Instead of a larger bracket or inclusion of a play-in round, which was favored by 5A schools, the OSAA requested a plan for the upcoming four-year time block that involved a 16-team bracket.
During last Monday's meeting of the OSAA's executive board, the athletic directors rolled out a plan that accounts for the top half of the five leagues making up 15 of those 16 playoff spots.
The 16th and final playoff spot will be awarded to a non-qualifying team with the highest power ranking from either the Northwest Oregon or Intermountain conferences. Each of those leagues has an odd number of teams and cannot be divided into upper and lower halves.
That setup, however, works only as long as North Eugene continues to play an independent schedule, as it will do in the 2014 season, instead of competing in the Midwestern League. Should the Highlanders return to the MWL, the final playoff spot would then fall to the highest ranked non-qualifying team from either the NWOC, IMC or MWL.

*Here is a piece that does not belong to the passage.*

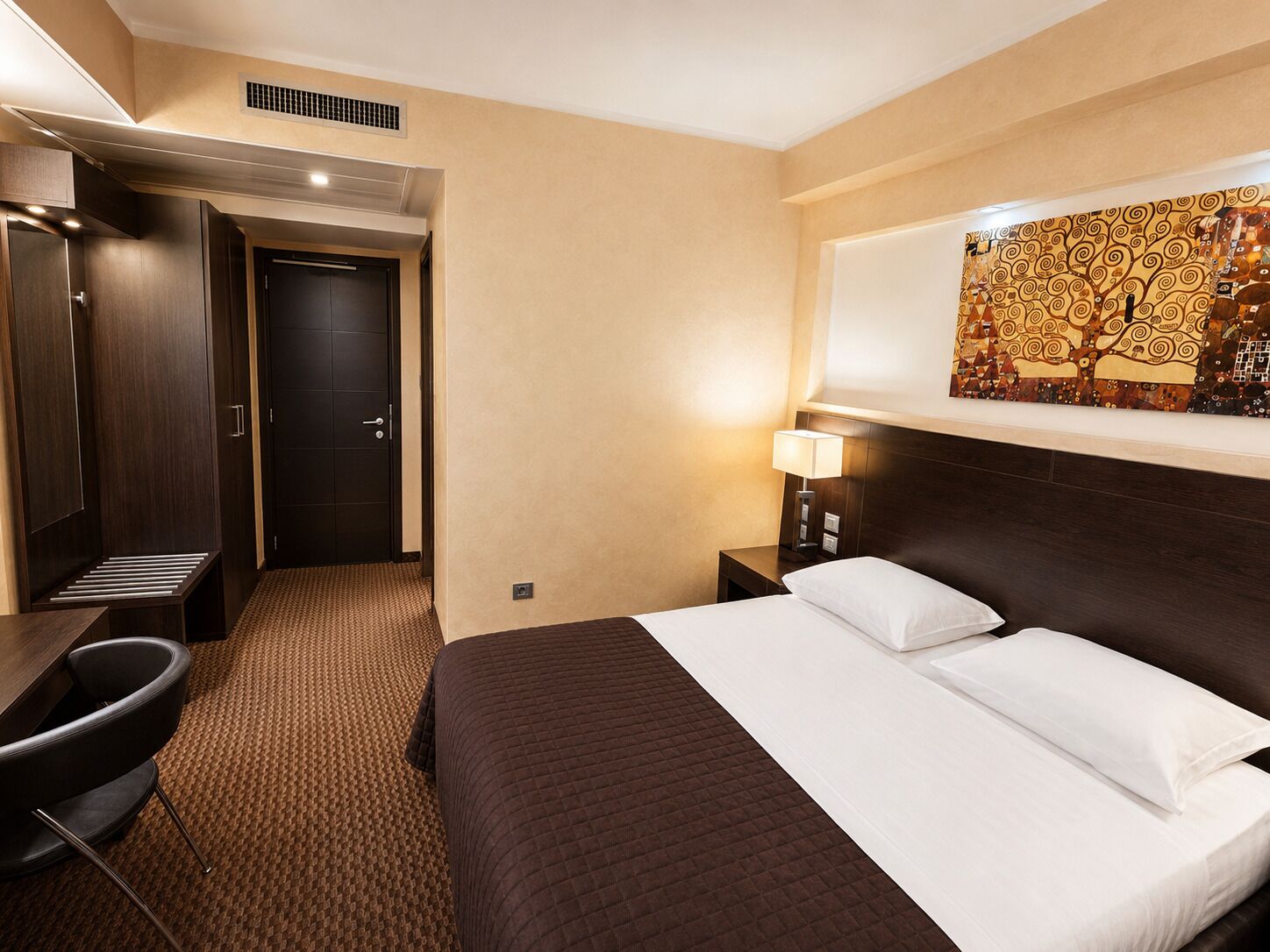 Una habitación de hotel con cama, escritorio, silla, mesita de noche con lámpara y una puerta.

Once the final 16 teams are configured, the OSAA's power rankings will be used to form the playoff bracket.
As part of the MWL next season, that means Ashland, Crater and Eagle Point will have to finish among the top three in the standings to reach the state playoffs, which will not provide for play-in contests this time around. Their competition will be stiff in Marist, Springfield and Churchill, who each made it into the final 16 for last year's playoff bracket.
The Grizzlies advanced the furthest of that bunch with their run to the state semifinals, while Crater earned its way into the 6A state playoffs with a play-in victory before losing 56-21 in the first round to eventual runner-up Jesuit.
The top four teams from the Northwest Oregon and Mid-Willamette conferences will receive automatic playoff berths, along with the top three from the MWL and top two from the Intermountain and Columbia River conferences.
A PROPOSAL TO amend the OSAA's policy to restrict full contact during football practice to a maximum of three days per week, excluding games, is on the table and could become effective in August should it gain approval from the executive board.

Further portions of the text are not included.